> **TASK BRIEF**
Take the records below and set down exactly the lines from the one with "GapFit Zipper Jacket - Women" to the one with "1435 Brickell Ave", ends included; do not copy the pictures.

> **INFORMATION GIVEN**
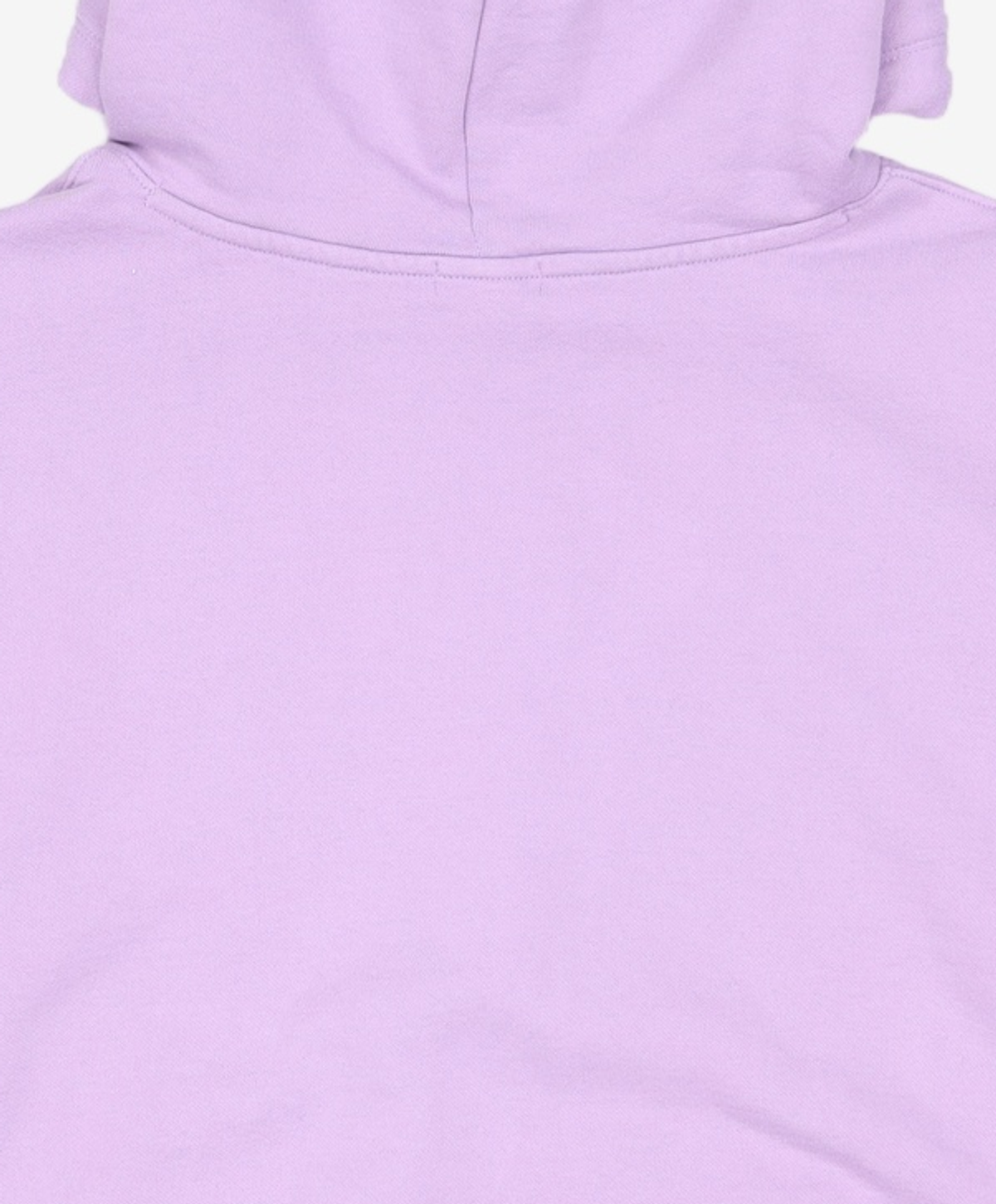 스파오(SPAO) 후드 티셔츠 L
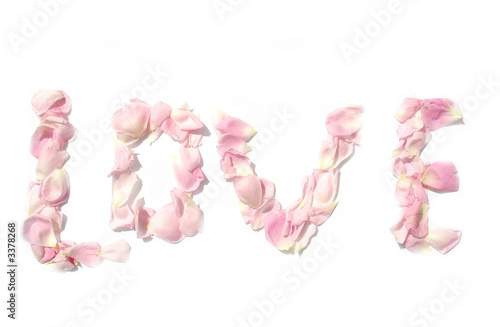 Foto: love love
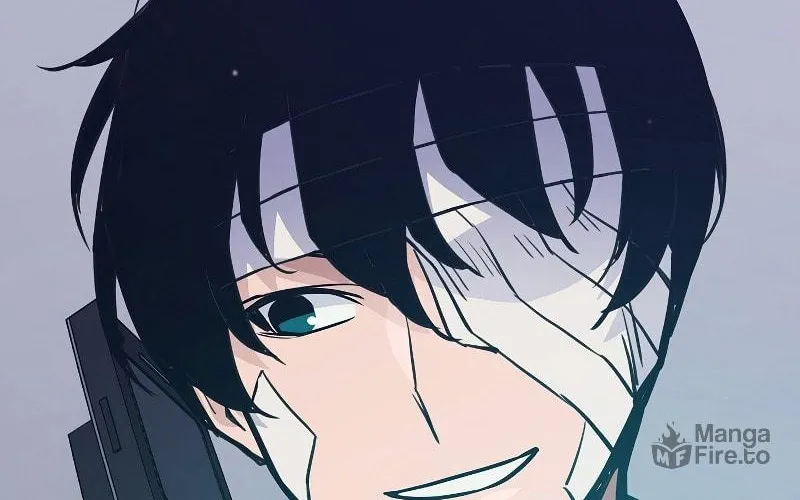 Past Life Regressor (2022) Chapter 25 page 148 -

--

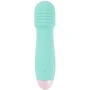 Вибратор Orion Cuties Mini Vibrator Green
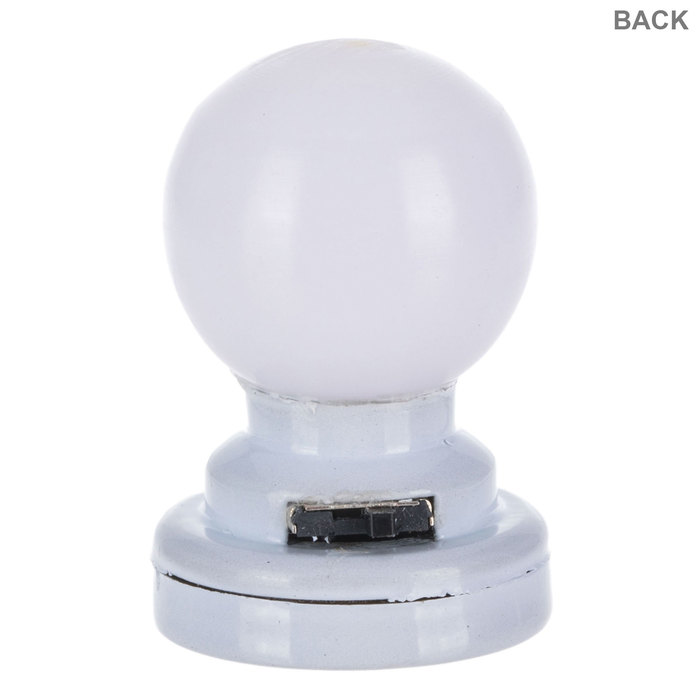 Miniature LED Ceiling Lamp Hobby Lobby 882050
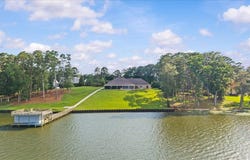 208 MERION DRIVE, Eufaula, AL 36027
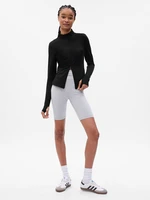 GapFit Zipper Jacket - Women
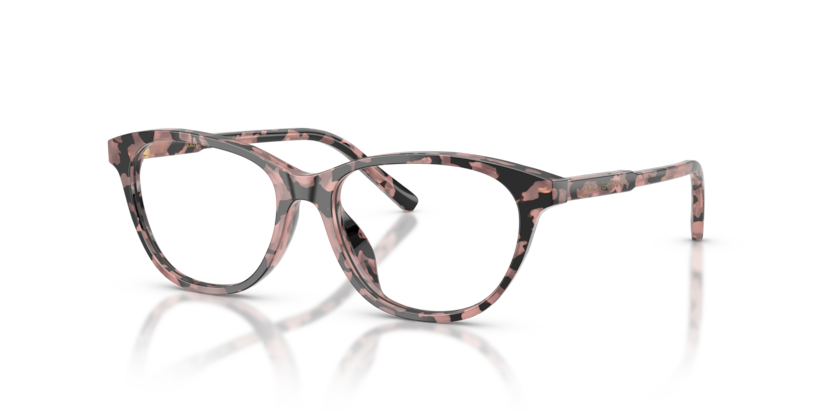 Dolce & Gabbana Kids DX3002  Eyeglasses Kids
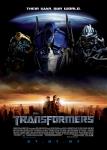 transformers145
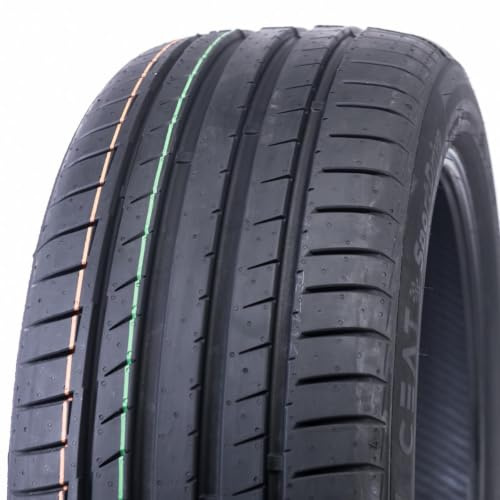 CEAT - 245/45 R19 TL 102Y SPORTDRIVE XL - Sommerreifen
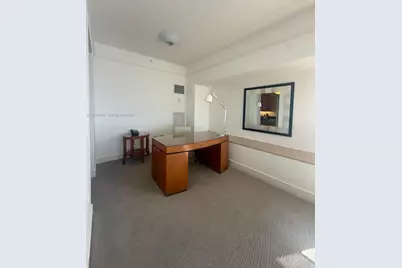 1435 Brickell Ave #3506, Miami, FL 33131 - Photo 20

...

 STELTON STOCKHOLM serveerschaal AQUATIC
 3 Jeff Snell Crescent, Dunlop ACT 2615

> **RESPONSE TO THIS TASK**
 GapFit Zipper Jacket - Women
 Dolce & Gabbana Kids DX3002  Eyeglasses Kids
 transformers145
 CEAT - 245/45 R19 TL 102Y SPORTDRIVE XL - Sommerreifen
 1435 Brickell Ave #3506, Miami, FL 33131 - Photo 20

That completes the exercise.